Terlebih di era opini dan berita yang lebih cepat menyebar ini, banyak berseliweran berita hoaks. Selain itu, sudah tentu mendalami Islam dengan mengkaji Islam juga menjadi sesuatu yang urgent .
Memahami dan menganalisis fakta dengan benar, serta membekali diri dengan mengkaji Islam, menjadikan para Millennials dan Gen Z bisa memahami bahwa isu radikal hadir utk menutupi isu yang sebenarnya lebih krusial.
Isu radikal hadir bertujuan untuk membahayakan masa depan agama.

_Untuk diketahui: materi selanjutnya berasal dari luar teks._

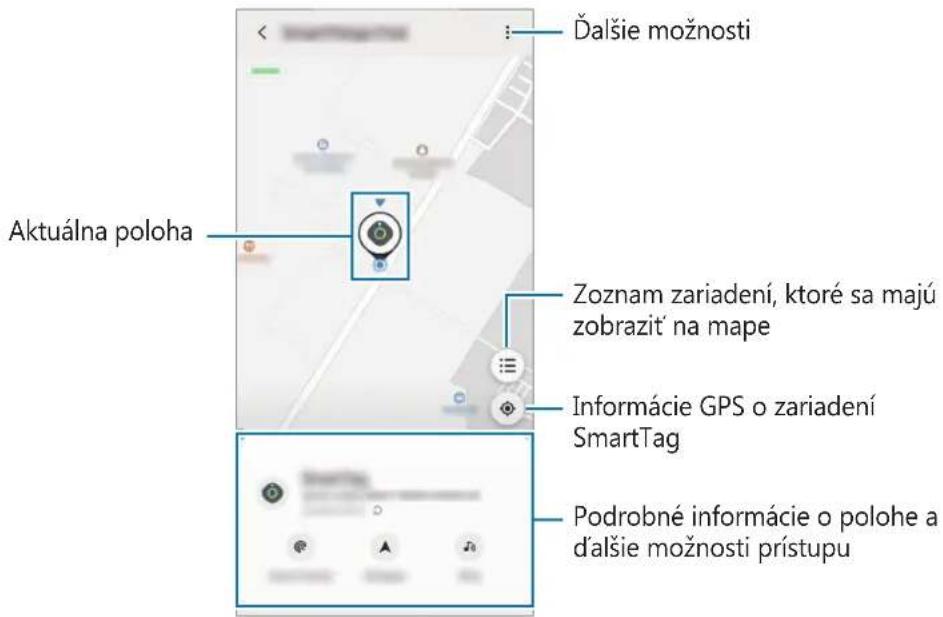 SAMSUNG Galaxy SmartTag - Použivanie zariadenia SmartTag - 1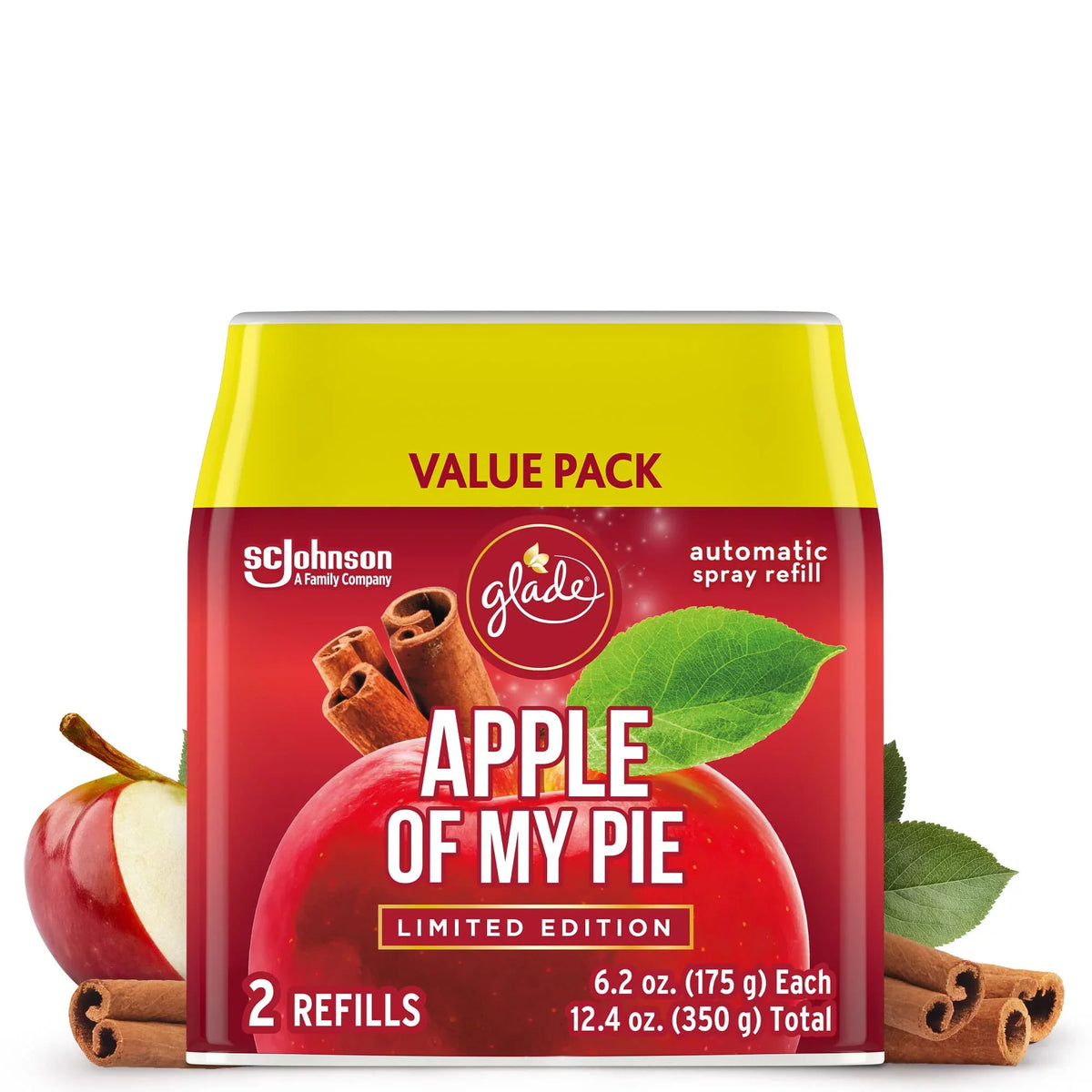 Refill, Pie, Bathroom, Air My Spray Freshener Automatic Glade 2 For Count 6.2 Of And Home Oz,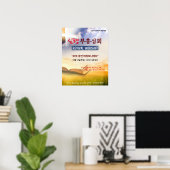 Poster voor de herziening van de eredienst voor de (Thuiskantoor)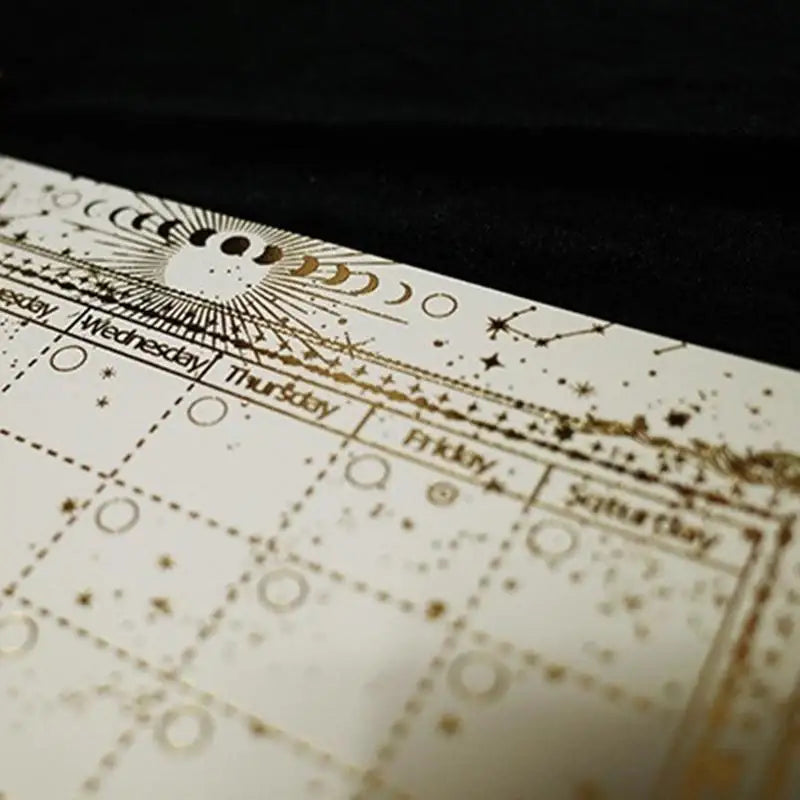 Libet - Gold Leaf Month Calendar - Libet - Stationary - Harumio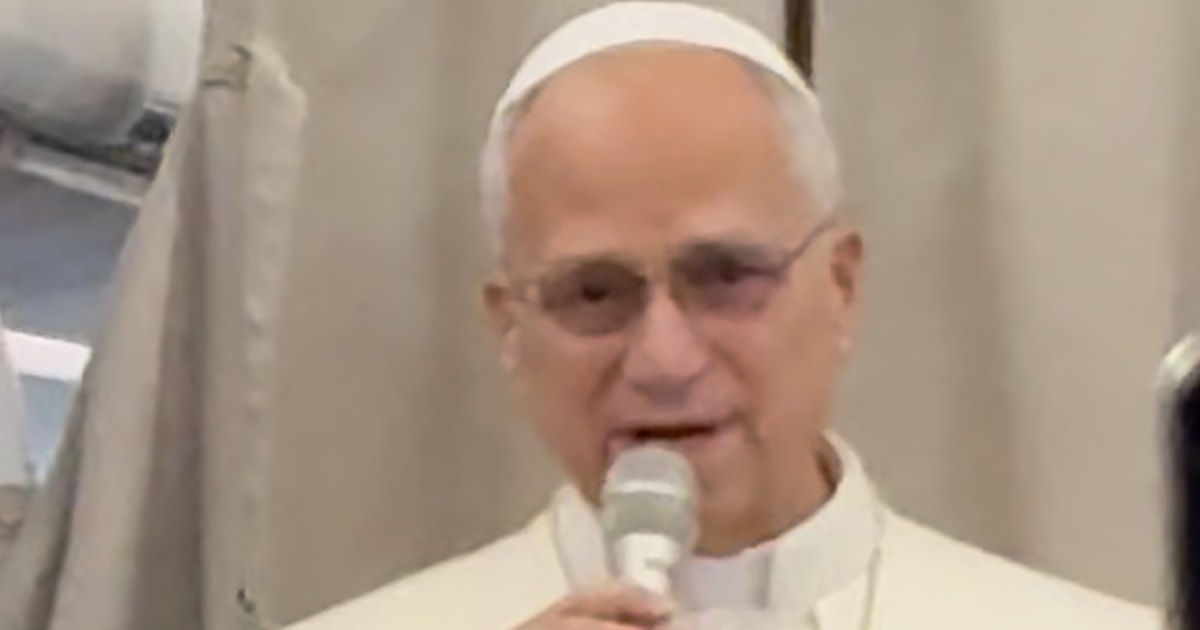 Flying with Pope Leo on his first international trip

Hal ini sebagaimana yang dikatakan Prof. John L. Esposito, Guru Besar Studi Islam di Universitas Georgetown, Amerika Serikat, "isu radikalisme agama merupakan taman bermain bagi intelijen, dan ini membahayakan masa depan agama."
Kita sebagai pemuda sudah tentu tidak akan diam atau bahkan terpengaruh dengan isu “radikal radikul”. Potensi kita yang luar biasa, menuntut kita untuk bersuara. Allah SWT memang tidak perlu dibela, tapi sikap kita sudah tentu tidak boleh sesukanya.

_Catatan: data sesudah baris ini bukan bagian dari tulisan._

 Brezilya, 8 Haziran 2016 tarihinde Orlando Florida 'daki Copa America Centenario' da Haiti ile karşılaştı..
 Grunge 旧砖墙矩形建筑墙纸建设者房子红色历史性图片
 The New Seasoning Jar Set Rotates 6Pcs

Lihatlah para pahlawan Islam, tatkala para penjajah mengatakan mereka radikal tapi mereka konsisten dengan sikap dan keIslaman mereka. Lihatlah pula, para sahabat Rasulullah SAW. Saat Rasul SAW dianggap menghina agama nenek moyang, memisahkan anak dari orang tua, sikap mereka jelas sebagaimana Ja'far Bin Abu Thalib saat bertemu Raja Najasyi.
Ja'far berkata, “Wahai Raja, kami dahulu adalah orang-orang jahiliyah. Kami menyembah berhala, memakan bangkai, melaksanakan perbuatan keji, memutus silaturrahim, berbuat jelek kepada tetangga, yang kuat menekan yang lemah dan kami tetap berada dalam keadaan demikian, sampai Allah mengutus kepada kami seorang Rasul yang kami mengetahui nasabnya, kejujurannya, keamanahannya dan sangat memelihara diri.
Dia mengajak kami agar beribadah hanya kepada Allah dan meninggalkan patung-patung yang disembah oleh nenek moyang kami. Dia juga memerintahkan kepada kami agar jujur dalam berkata, menunaikan amanah, menyambung silaturrahmi, meninggalkan perbuatan keji, memelihara darah, dan melarang kami dari berkata dusta, memakan harta anak yatim, menuduh wanita yang shalihah dengan perbuatan zina serta memerintahkan kami agar mendirikan shalat, menunaikan zakat, berpuasa pada bulan Ramadhan.
Maka kami membenarkannya, beriman kepadanya, dan mengikuti apa yang dibawanya dari sisi Allah. Kami menghalalkan apa yang dihalalkannya dan mengharamkan apa yang diharamkannya.
Wahai Raja, ketika kaum kami mengetahui tentang apa yang kami lakukan, mereka memusuhi kami, menyiksa kami dengan siksaan yang berat dan berusaha mengembalikan kami kepada agama nenek moyang, dan agar kami kembali menyembah berhala.
Maka tatkala mereka terus menekan kami, memaksa kami, akhirnya kami memilih engkau dari yang lainnya dan kami sangat berharap engkau berbuat baik kepada kami dan tidak menzalimi kami.”
Sekali lagi, menjadi Ja'far bin Abu Thalib dan para sahabat Nabi SAW tidaklah mudah. Tetapi bagi para Millennials dan gen Z sikap tersebut adalah sikap yang benar di tengah ingar.
Sikap yang harusnya tertancap kuat sebagai wujud idealismenya para pemuda. Oleh karenanya, yuk para millennials dan gen Z, di tengah gempuran serangan pemikiran, isu-isu keagamaan, opini radikal, yang ada saat ini, sudah saatnya kita benar dalam melihat fakta dan menganalisa.
Kita juga tidak mencukupkan sebatas itu, tapi juga sudah saatnya bagi kita memahami agama kita dengan benar, mengkaji Islam agar istikamah.
Yuk, pahami agama, berIslam secara kaffah dan menjadi bangga dengan identitas sebagai seorang Muslim.